So, I'd like to spend the rest of the talk thinking about what it means for you to build on top of NSPersistentCloudKitContainer.

And I think that starts with building great applications that are powered by Core Data.

Later, we'll also look at how you can extend the foundation that we've built into NSPersistentCloudKitContainer to customize it to your needs.

Now, for me, building great applications with Core Data starts by absorbing a lot of knowledge.

And, to that end, we've written a ton of documentation this year about how NSPersistentCloudKitContainer works and how you can integrate it into your applications.

There are some features of Core Data that I feel go really well with NSPersistentCloudKitContainer.

Things like the FetchResultsController, which helps you build scalable user interfaces backed by a significant amount of data.

And query generations which help you stabilize those user interfaces against changes that might be happening in the background.

Like say from NSPersistentCloudKitContainer.

And finally, there's history tracking, which we introduced a few years ago to help you understand what's changed in the database.

And with NSPersistentCloudKitContainer, you can use it to decide whether or not any of those background updates are relevant to what your user's currently doing.

We'll be covering these and a whole lot more in our session on Thursday at 3 pm.

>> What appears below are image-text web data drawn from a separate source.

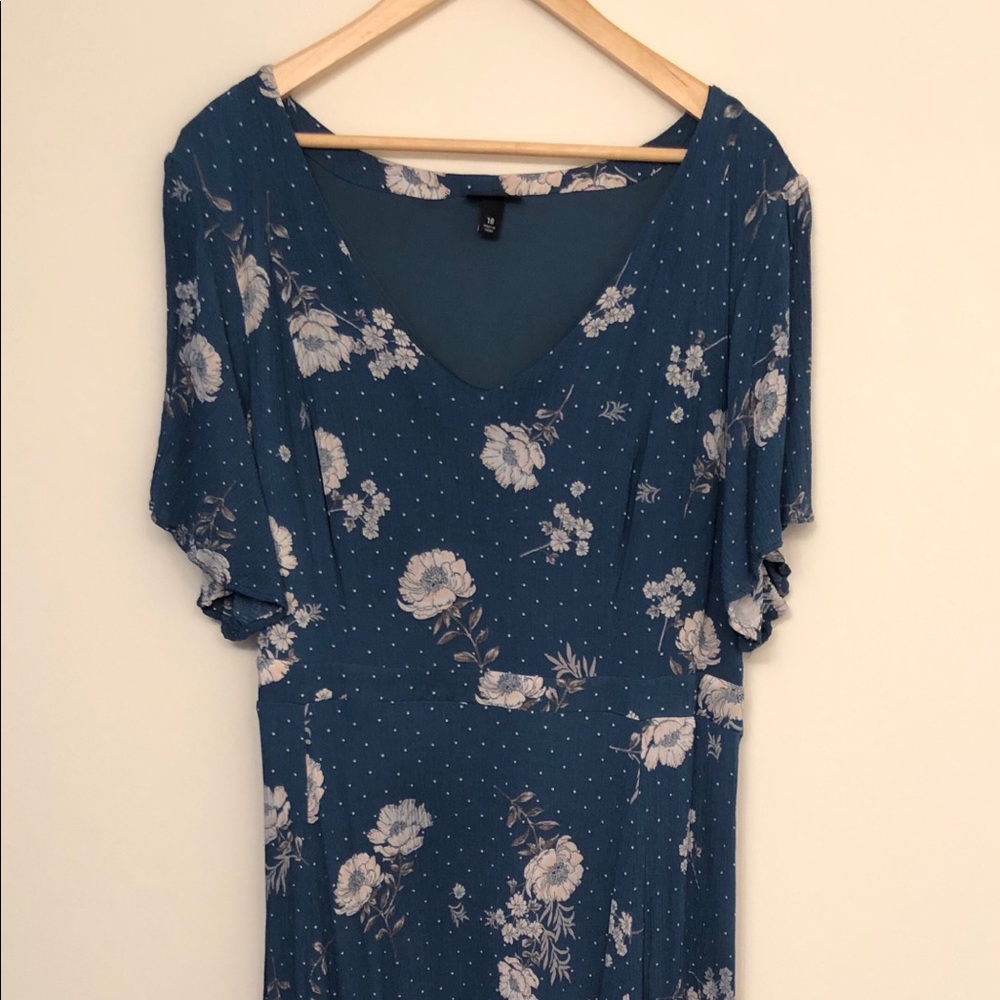 Teal Floral Dot Gauze Maxi Dress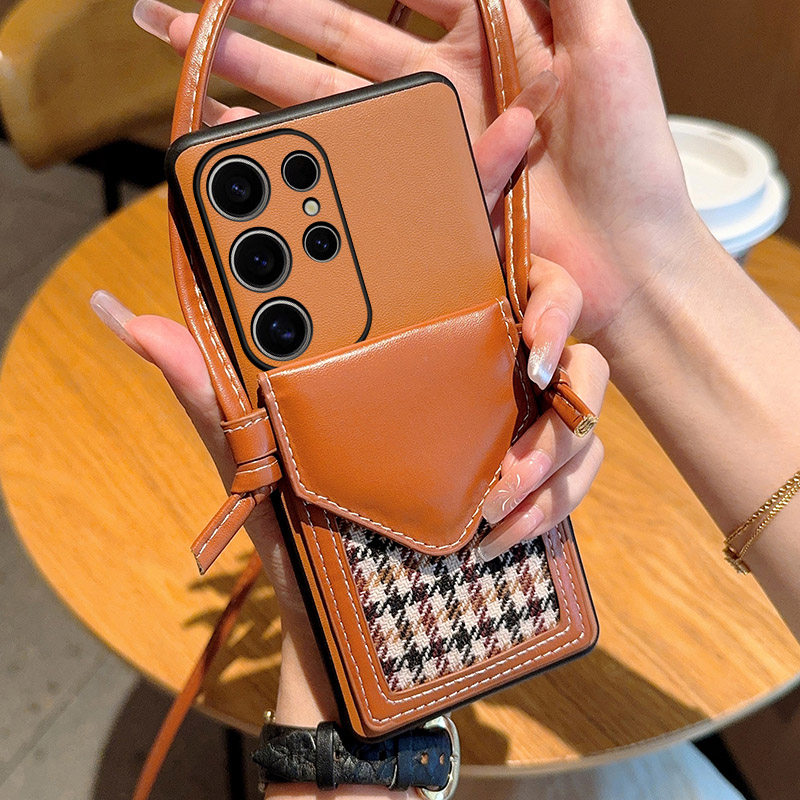 适用于三星S24手机壳时尚高级棕色皮纹壳三星S24Ultra创意千鸟格一体卡包三星S24+全包防摔保护套斜挎挂绳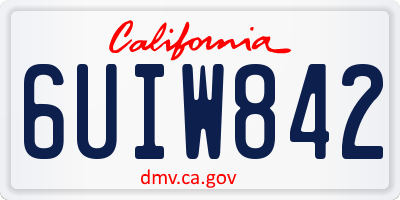 CA license plate 6UIW842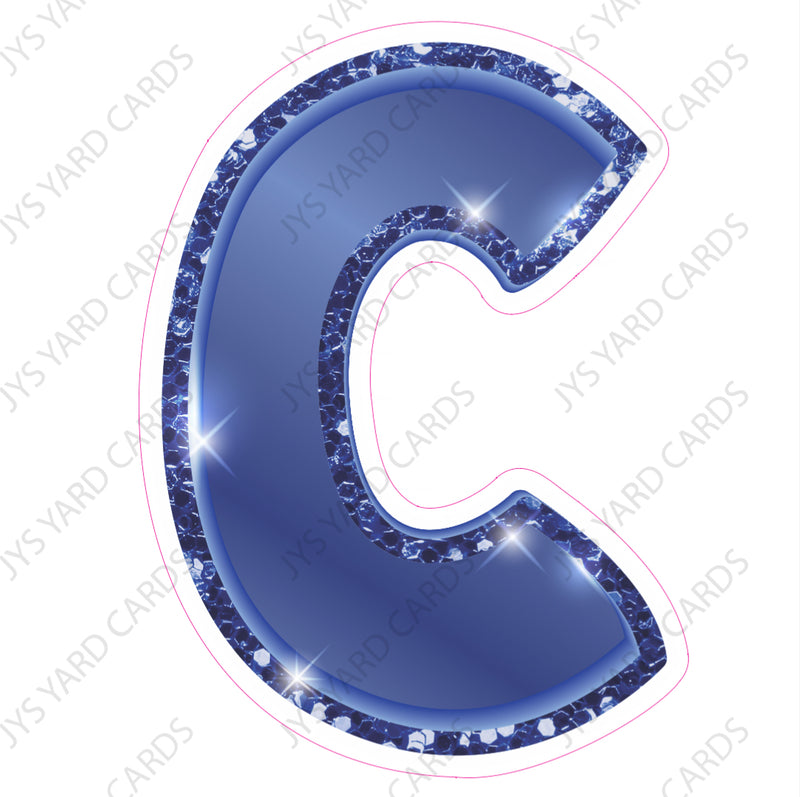 Single Letters: 18” Bouncy Glitter Metallic Navy Blue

And, to go along with that, we're also introducing a new sample application this year that's designed to give you something to hold in your hands, to feel how NSPersistentCloudKitContainer works along with all these other features of Core Data.

It's designed to manage a set of posts.

And posts are a theme that we've been building on over the last few years in Core Data.

Right?

They're a great object for helping us understand how different pieces of your object graph will be affected by CloudKit.

Here you can see that our data model is pretty simple.

Right?

We have a title and some content.

And then, we have a set of tags that we can associate to each post.

The application will even let you see what it's like to manage photos with CloudKit.

Allowing you to attach files from the device's Photo Library to a post.

Now, let's talk about what it's like to build on top of NSPersistentCloudKitContainer.

And, as you might expect, this is a fairly dense section of the talk.

But you should know that our documentation covers in more detail a lot of things that we're going to talk about today.

So, don't worry if some of this goes right out the window.

There are a number of ways that we see clients internally extend NSPersistentCloudKitContainer, beginning with working with multiple stores.

And, we also see that clients like to customize the schema that they've been using with CloudKit, and indeed, the one that we use with NSPersistentCloudKitContainer.

This of course, as you may know, is because CloudKit is available on a number of different platforms, not only at Apple but also using Web Services or JavaScript.

And so, you should be able to work with NSPersistentCloudKitContainer's objects even if you're not doing so on one of our platforms.

Finally, we'll take a look at Data Modeling for collaboration.

Now, there are a number of great reasons why we might want to use multiple stores in our application.

Especially when working with network backed stores.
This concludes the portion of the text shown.